Although adverse outcomes leading to severe injury or death may occur without a breach of the standard of care, defense experts could not support the insured’s care with respect to the medications administered and related matters. Issues included:
- Although a comprehensive history was obtained from the patient, the dentist’s limited review of the history and subsequent actions/inactions could not be supported.
- The dentist was unaware of state permit requirements. As a result, the pre-treatment patient assessment did not comply with state requirements and failed to meet the standard of care.
- The patient’s vital signs were not monitored to the level necessary to meet the standard of care for any sedation level.
- Procedures, protocols and staff training for medical emergency care were inadequate and/or undocumented.
Outcome:
Given the facts of the case and the lack of defense expert support, the defense team recommended to seek early settlement. Although direct negotiations did not result in settlement, mediation was successful. The case closed with payment and expenses totaling just over $1,000,000—well below the original plaintiff demand.

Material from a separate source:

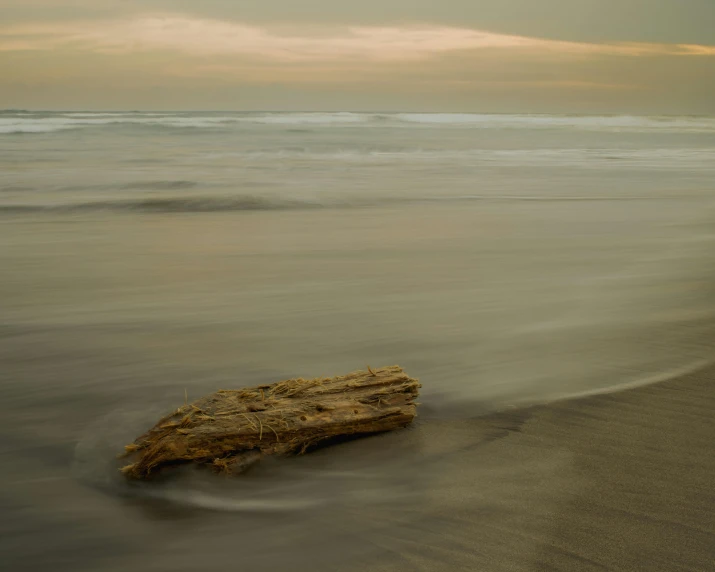 a rock sitting on the beach at sunset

Severe claims often result in concomitant state licensing investigations, whether due to mandatory reporting (as in this case) or investigations that occur subsequent to required National Practitioner Databank reports. The case resulted in an immediate suspension of the dentist’s license, with definitive action delayed due to a backlog of investigations, in part due to the COVID-19 pandemic. The dentist later surrendered his license, and the board closed the investigation without further action.
This case represents an example of the multiple risks and safety issues that may be associated with medically complex patients. Although medical consultation was sought, the scope of the requested consultation was very narrow. Depending upon the individual patient’s history and conditions, it may be prudent or necessary to include specific information about the dental treatment to be undertaken and the planned medications, with specific medical assessment questions involving the patient’s co-morbidities. Even so, a physician’s positive response to proceed with dental treatment should be cautiously considered. It is one part (albeit an important one) of the decision to treat. The final decision rests with the dentist and a fully informed patient. Even though the physician may be named in a subsequent lawsuit, in nearly all cases primary liability rests with the dentist, who must meet or exceed the standard of care.